Quindi, ho ricevuto innumerevoli lettere da queste ed altre persone. Se ne facessi un libro (ma non lo farò), credo che il libro sarebbe molto più interessante di parecchi libri contro la guerra che ogni tanto vengono pubblicati nei Balcani. Ogni tanto per non dire raramente, come se ci fosse di che vergognarsi… Sono convinto che questa “raccolta di lettere” sarebbe uno shock per molti, specialmente per coloro che “sanno” cosa pensa la gente e che sulla base di questa “cognizione” direttamente o indirettamente decidono in nome della gente.
Ancora una cosa che è importante per me. I miei libri sono ugualmente ben accetti in tutti gli stati della ex Jugoslavia. Da tutti eccetto che dalle élites politiche, mediatiche, editoriali. Le élites non mi amano, nulla da fare. A dire il vero, il sentimento è reciproco. Per fortuna si trova sempre qualche eccezione che conferma la regola. In fin dei conti, grazie alle eccezioni, viene cambiata anche qualche regola…

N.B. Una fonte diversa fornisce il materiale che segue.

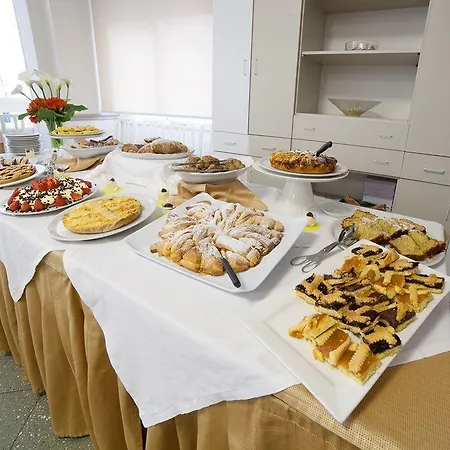 Plaza Hotell 3*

6. Ultimamente ha ricevuto parecchi premi all'estero, specie in Italia, dove ha avuto una cinquantina di riconoscimenti letterari. Come gli stranieri percepiscono le Sue tragiche storie belliche e posbelliche?

Le percipiscono come di solito si percepiscono le altrui tragedie belliche. Prima con incredulità che col passar del tempo, a causa della loro durata esagerata e della grande concorrenza (non passa un giorno che nel mondo non succeda almeno una tragedia), si trasforma in disinteresse. Di conseguenza, si potrebbe dire che la nostra guerra già da tempo ha oltrepassato la data di scadenza. Ora è il tempo di pagare le spese belliche.
Tuttavia, grazie al tipo di scrittura di cui sopra e al tratto universale delle storie, i miei libri sono ritenuti interessanti. In primis agli ambienti letterari, ma anche al lettore medio se si trova in occasione di conoscere la mia opera.


7. Dato che scrive nei lassi di tempo che Le rimangono dopo le Sue attività professionali, come e quanto segue la scena letteraria dell'ex Jugoslavia? Ascolta anche altre voci letterarie?

Nello scontro con il tempo, io sempre me la passo peggio. Mi sfugge e mi manca sempre… Ecco si avvicina il Natale per cui lascio spazio all'immaginazione. Immaginate che un bel giorno qualcuno ci conceda una pensione sufficiente per (sopra)vivere, ci paghi l'abbonamento alla biblioteca civica e che il buon Dio ci dia la salute… e poi noi leggiamo. Leggiamo tutto ciò che volevamo leggere ma non avevamo tempo per farlo. Nel caso nostro, ciò è esagerato anche se si tratta di auguri di Natale. Quindi sotto la pressione della banale realtà purtroppo non ho molto tempo da dedicare alla lettura. Tuttavia, lo rubo al mio impegno professionale e alla vita familiare e spesso a notte fonda seguo i destini letterari di coloro che il destino ha condannato a vivere nei Balcani.
Per fortuna, molti scrittori contemporanei dell'ex Jugoslavia sono miei amici e mi mandano i loro libri, per cui almeno non ho problemi a procurarmeli. Ecco, proprio in questi giorni sto attendendo che lo scrittore montenegrino Vujica Ognjenović venga alla fiera del libro a Pola e che mi porti l'atmosfera del litorale montenegrino e l'ultimo libro della scrittrice Bosiljka Pušić «Arancia sotto l'elmo».
Personalmente mi sembra che non ci sia una soddisfacente produzione lettararia antibellica, almeno è così in Croazia. E anche ciò che è stato scritto in buona parte è stato artatamente ignorato, sottaciuto… Ciò diventa tanto più palese quando pensiamo quanti soldi sono stati spesi per i libri di tendenze opposte… Perciò dico che la guerra ovvero la politica bellica non è finita nel 1995, ma continua ad essere praticata con altri mezzi.